The IGF has been mostly a talk shop to facilitate an exchange of information, with the very useful function of bringing the many different stakeholder groups together in a common setting. It has also been a setting facilitating global support for an open and free Internet without governmental controls, whether national or international. There have been phases when a more policy-oriented role was debated, at least in terms of producing consensus agreements among the stakeholder groups or organizing ongoing multi-stakeholder coalitions – but without actually setting policy per se. It has never been intended to replace the intergovernmental role of actual policy-making, which is of course left to the UN. And that has also meant that the IGF has thrived as a forum FREE of intergovernmental controls.

Background on Multi-stakeholderism in Internet Governance

My interest, both personally and professionally, has always been to encourage multi-stakeholder engagement and collaboration at the global level.
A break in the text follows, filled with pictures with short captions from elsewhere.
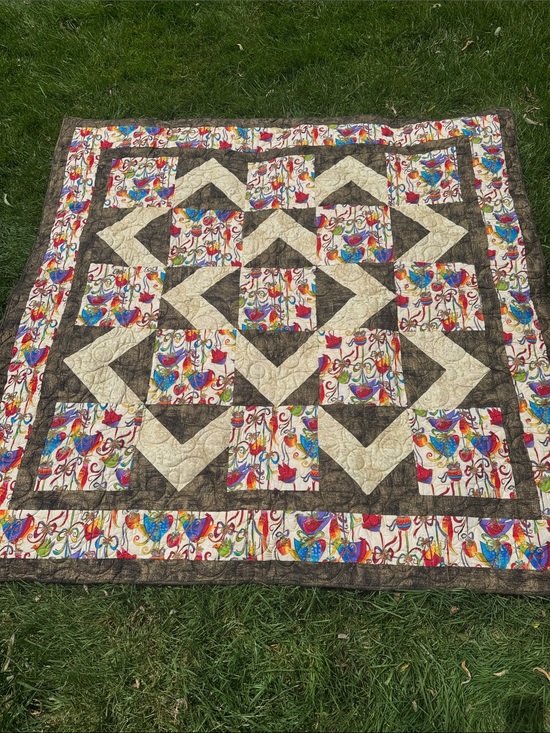 Other - Partridge Floral Patchwork Quilt in Multicolor and Brown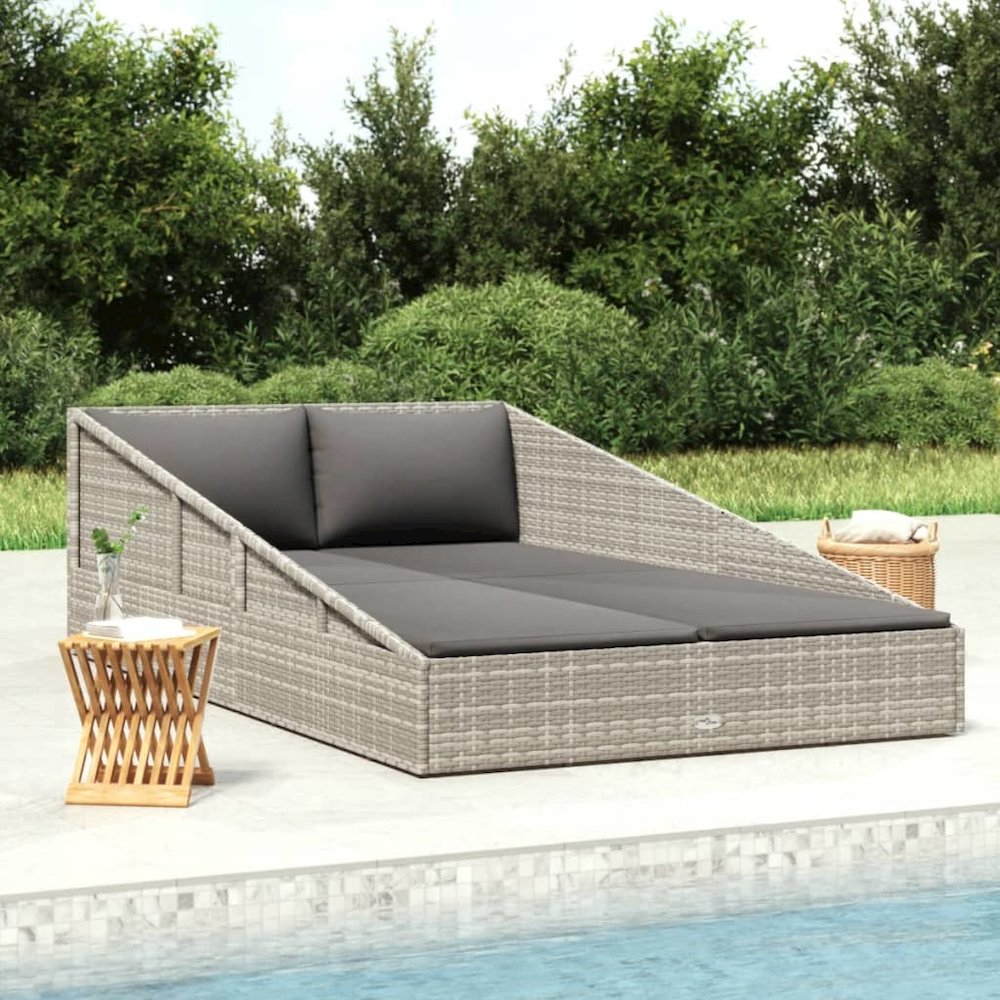 Daybed Grey and Dark Grey (cushion) Steel and PE Rattan. Picture 1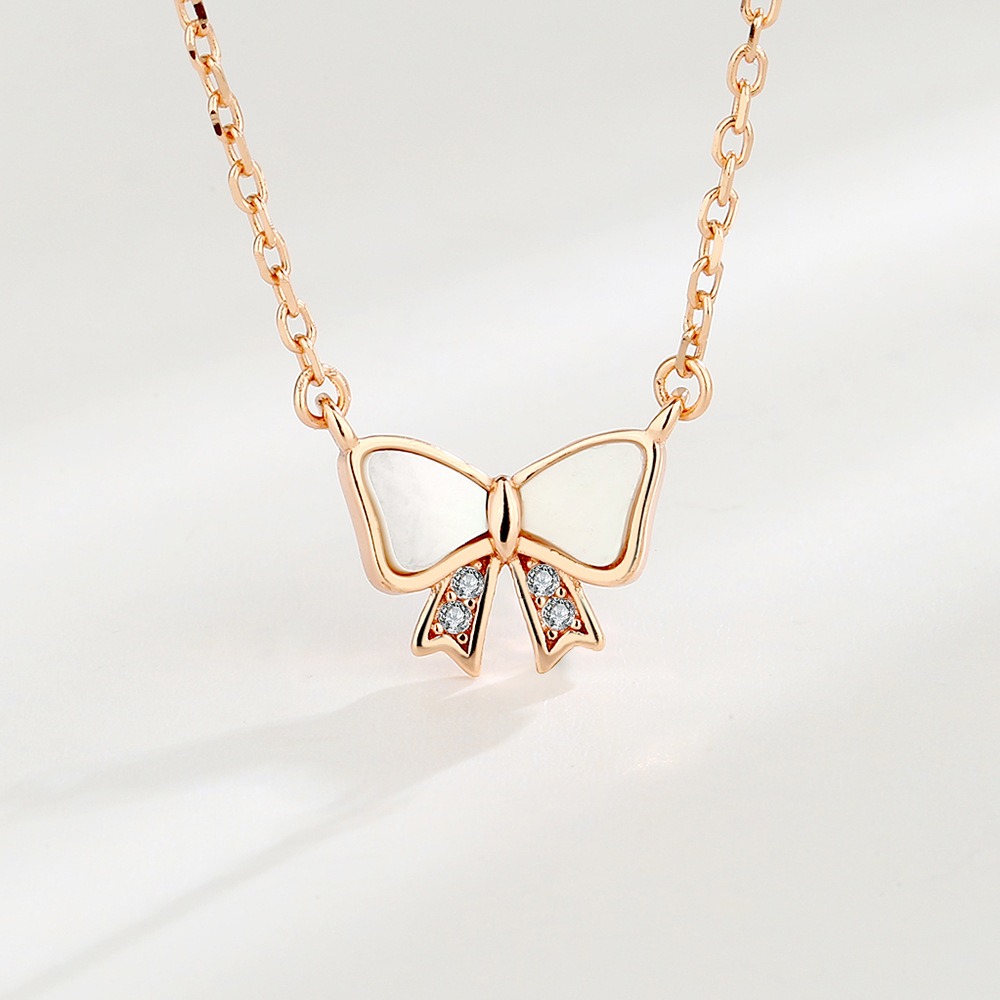 S925 sterling silver necklace mother-of-pearl bow pendant clavicle chain - Image 2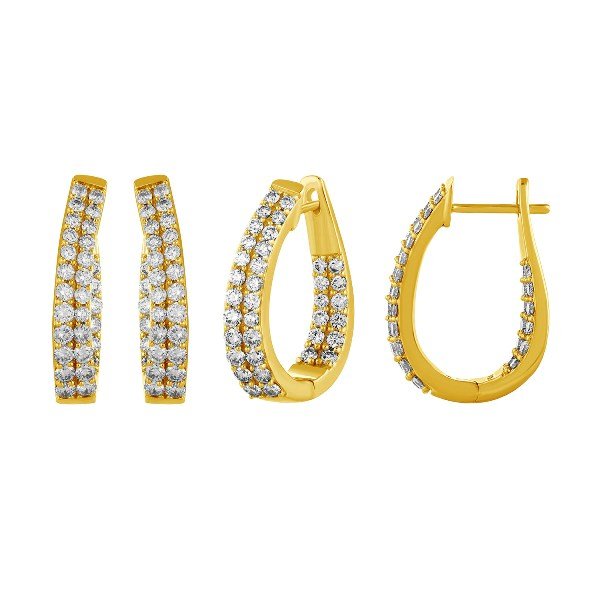 Morris & David's 14K Yellow Gold 2-carat Diamond Oval Hoops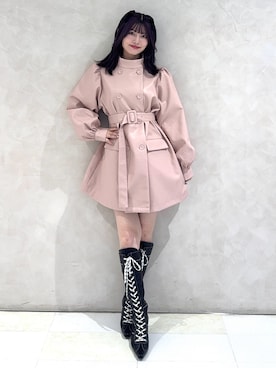 「アイテム（ライダースジャケット）」を使った、SAKURAKOさん（レディース・161cm）の秋コーディネート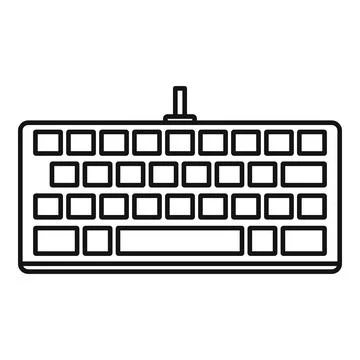 Programming keyboard icon, outline style 스톡 일러스트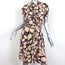Diane von Furstenberg Dress Johann Brown/Beige Floral Print Stretch Silk Size 6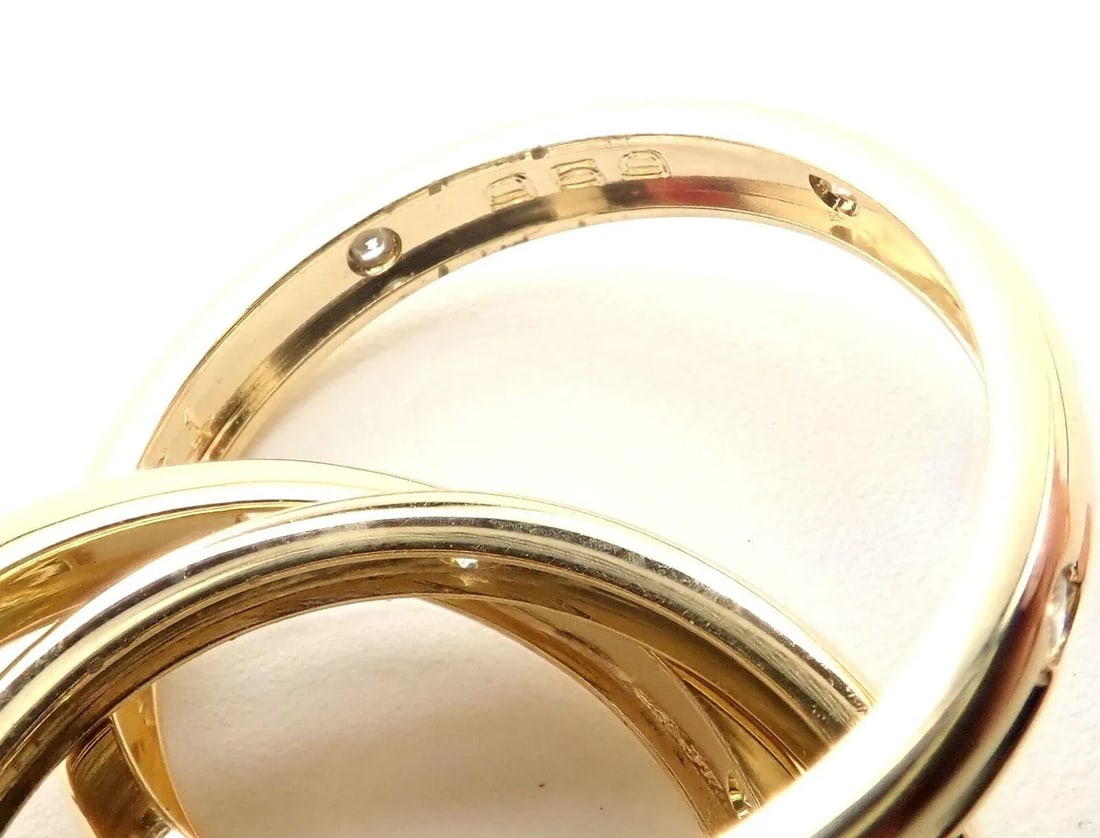 Cartier 18k Yellow Gold Diamond Constellation Trinity Ring Size 51 - 9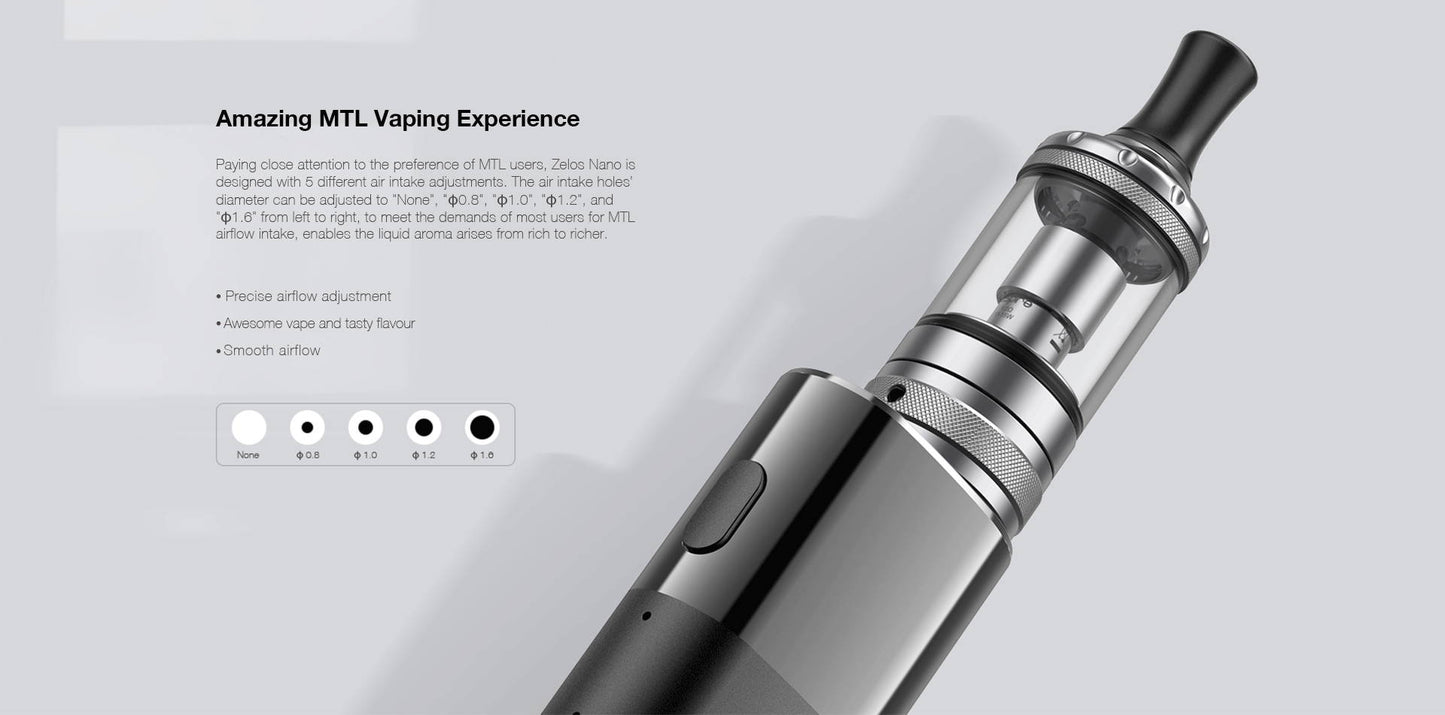 Aspire Zelos Nano Kit - Compact Powerful Vaping Solution With High performance 1600mAh Battery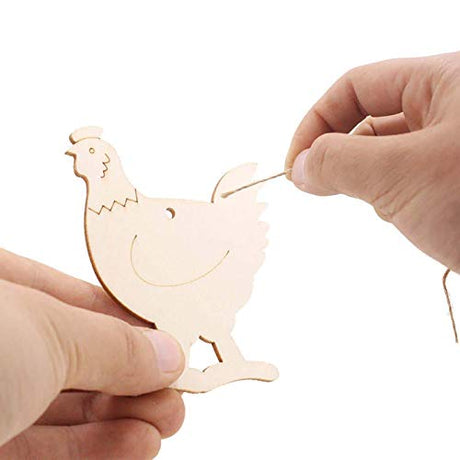 JANOU 20pcs Hen Shaped Wood DIY Craft Cutouts Chicken Unfinished Wood Gift Tags Ornaments with Ropes for Wedding Birthday Happy Easter Party JANOU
It has been my impression that this has lost a certain amount of momentum at the IGF in recent years, with more and more concern about the continuing low or even declining turnout from governments but also from the private sector. One can argue that the belated decision by the French Government to host the 2018 IGF and then spur the IGF in new directions has the potential to reverse this trend. So the phenomenon of a keynote address at this IGF by President Emmanuel Macron with proposals for a major reform of the IGF going forward is my leading observation of why this IGF in Paris was so significant. (Note: I continue to be optimistic about this even as President Macron and his République en Marche are currently facing a domestic political crisis in the hands of the “Gilets Jaunes”.)

The IGF has also been a setting for constructive dialogue and information exchange on evolving Internet issues. The ones that have attracted me in the past are the issues of cybersecurity and privacy. In both respects the dramatic changes in the growth and range of Internet use and services  have been reflected in recent IGF sessions. They are certainly altering my own appreciation of how to enable multistakeholder engagement. Although I still  agree with the basic IGF mission and personally endorse the concept of a globally open Internet, I have also evolved in my own thinking about what needs to be done to protect diverse interests but also individual rights in these areas.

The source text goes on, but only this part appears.